Iran's Economic Vulnerabilities

The Iranian nuclear issue is a problem of deeply layered complexity. Internally, Iran faces domestic economic problems, including lack of infrastructure financing and development in hydrocarbons, an upcoming expansion of its employable workforce, a population seeking less personal restraints, and a conservative political ideology that sees problems as zero sum rather than integrative. Support for Hamas in Gaza illustrates the prevailing attitude of non-engagement. Negotiation and cooperation are not the processes of choice for Iranian leaders because they appear "too soft" and "capitulating" to the western powers. Economic sanctions will strengthen internal political resolve to resist while the population suffers.

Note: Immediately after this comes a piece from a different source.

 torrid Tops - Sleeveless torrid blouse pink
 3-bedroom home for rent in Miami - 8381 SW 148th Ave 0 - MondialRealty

The likelihood of a significant change in the government seems slight even with sanctions. Despite general unhappiness around lack of personal freedoms, the people still support a stable, if suboptimal, government. So what is to be done? First, keep Iran engaged in conversations with respectful disagreement. Second, no threats--if sanctions are needed, implement them incrementally after brief warnings. Third, take a very long term perspective on the problem by creating a policy that looks forward 10 to 15 years. Fourth, work towards solutions to the Palestinian-Israeli conflict recognizing that Hamas will attempt to block peace. Fifth, move away from hydrocarbon dependence to change the dynamics of the world energy economy. An integrated, nuanced set of solutions is the real answer; not political hyperbole with no chance of success.